• Your objective
Among the entries below, find each line holding "Plastic" and return it.

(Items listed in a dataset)
+ + + + +

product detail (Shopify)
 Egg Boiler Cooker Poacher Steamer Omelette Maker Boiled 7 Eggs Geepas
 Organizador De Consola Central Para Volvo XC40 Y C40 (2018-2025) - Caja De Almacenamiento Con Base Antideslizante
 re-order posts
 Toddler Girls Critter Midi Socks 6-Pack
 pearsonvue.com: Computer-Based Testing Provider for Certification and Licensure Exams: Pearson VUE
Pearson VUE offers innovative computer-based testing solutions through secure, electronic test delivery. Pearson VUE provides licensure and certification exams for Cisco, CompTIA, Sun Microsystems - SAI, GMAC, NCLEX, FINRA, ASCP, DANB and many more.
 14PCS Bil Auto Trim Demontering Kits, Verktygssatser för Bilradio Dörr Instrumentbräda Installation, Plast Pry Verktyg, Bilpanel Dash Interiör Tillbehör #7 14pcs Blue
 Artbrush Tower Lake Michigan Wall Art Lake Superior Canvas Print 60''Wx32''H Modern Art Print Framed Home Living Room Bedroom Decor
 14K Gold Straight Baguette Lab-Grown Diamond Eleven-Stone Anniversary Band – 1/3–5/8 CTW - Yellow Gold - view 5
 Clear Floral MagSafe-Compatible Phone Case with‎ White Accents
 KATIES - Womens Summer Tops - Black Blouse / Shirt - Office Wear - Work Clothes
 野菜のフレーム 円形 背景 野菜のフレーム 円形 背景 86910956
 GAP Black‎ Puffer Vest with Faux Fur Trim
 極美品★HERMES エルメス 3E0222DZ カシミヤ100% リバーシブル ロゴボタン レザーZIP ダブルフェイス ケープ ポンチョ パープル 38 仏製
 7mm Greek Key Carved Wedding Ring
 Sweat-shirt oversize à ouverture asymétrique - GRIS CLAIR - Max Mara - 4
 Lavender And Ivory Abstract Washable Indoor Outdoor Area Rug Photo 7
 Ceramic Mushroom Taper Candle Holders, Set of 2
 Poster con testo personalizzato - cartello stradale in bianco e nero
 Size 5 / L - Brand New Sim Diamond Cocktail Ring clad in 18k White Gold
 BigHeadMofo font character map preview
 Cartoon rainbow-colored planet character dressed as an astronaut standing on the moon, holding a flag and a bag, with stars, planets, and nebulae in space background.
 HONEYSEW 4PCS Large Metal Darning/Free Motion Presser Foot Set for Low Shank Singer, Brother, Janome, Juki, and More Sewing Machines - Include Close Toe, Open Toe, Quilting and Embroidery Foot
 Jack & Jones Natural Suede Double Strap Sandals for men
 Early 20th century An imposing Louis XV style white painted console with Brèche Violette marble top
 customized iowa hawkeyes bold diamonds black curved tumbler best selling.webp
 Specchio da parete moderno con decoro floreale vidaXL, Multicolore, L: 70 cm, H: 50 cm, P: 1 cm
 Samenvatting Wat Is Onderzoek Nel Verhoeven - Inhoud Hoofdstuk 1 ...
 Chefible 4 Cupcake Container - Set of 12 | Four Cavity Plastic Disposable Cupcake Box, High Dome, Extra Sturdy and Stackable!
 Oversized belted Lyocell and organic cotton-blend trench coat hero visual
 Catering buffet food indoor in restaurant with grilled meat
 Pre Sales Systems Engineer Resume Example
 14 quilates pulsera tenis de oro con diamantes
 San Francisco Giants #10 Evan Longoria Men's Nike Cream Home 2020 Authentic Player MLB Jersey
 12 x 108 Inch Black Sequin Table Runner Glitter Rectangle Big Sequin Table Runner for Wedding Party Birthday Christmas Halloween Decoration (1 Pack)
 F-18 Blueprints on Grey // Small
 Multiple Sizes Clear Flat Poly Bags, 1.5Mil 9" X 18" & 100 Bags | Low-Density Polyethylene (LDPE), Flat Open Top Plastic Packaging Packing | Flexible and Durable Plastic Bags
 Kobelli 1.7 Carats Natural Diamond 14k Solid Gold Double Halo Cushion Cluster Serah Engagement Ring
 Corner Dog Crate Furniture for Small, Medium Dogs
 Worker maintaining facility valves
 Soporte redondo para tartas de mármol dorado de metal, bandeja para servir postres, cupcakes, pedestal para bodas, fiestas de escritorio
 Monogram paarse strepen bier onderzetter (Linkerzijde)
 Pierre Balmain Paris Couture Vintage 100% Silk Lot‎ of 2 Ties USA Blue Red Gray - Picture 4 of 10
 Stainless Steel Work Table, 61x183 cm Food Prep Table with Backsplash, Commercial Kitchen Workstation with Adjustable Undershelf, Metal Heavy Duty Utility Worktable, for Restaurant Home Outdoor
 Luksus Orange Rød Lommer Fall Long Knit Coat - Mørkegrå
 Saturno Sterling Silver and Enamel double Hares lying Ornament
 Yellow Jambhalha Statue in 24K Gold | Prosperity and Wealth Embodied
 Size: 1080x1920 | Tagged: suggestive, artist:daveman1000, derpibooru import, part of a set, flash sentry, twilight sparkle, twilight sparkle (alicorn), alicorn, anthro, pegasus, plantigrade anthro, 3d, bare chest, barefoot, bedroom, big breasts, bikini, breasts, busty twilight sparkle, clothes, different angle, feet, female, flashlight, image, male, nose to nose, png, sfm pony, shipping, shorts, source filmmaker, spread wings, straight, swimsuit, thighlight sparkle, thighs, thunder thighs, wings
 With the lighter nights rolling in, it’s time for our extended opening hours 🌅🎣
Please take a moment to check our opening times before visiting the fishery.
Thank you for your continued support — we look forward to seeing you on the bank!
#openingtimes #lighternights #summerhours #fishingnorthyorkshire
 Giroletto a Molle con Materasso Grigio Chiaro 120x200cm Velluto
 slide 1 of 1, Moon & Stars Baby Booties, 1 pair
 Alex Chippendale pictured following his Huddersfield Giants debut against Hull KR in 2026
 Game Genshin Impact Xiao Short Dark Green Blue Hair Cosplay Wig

+ + + + +

• Your solution
 Chefible 4 Cupcake Container - Set of 12 | Four Cavity Plastic Disposable Cupcake Box, High Dome, Extra Sturdy and Stackable!
 Multiple Sizes Clear Flat Poly Bags, 1.5Mil 9" X 18" & 100 Bags | Low-Density Polyethylene (LDPE), Flat Open Top Plastic Packaging Packing | Flexible and Durable Plastic Bags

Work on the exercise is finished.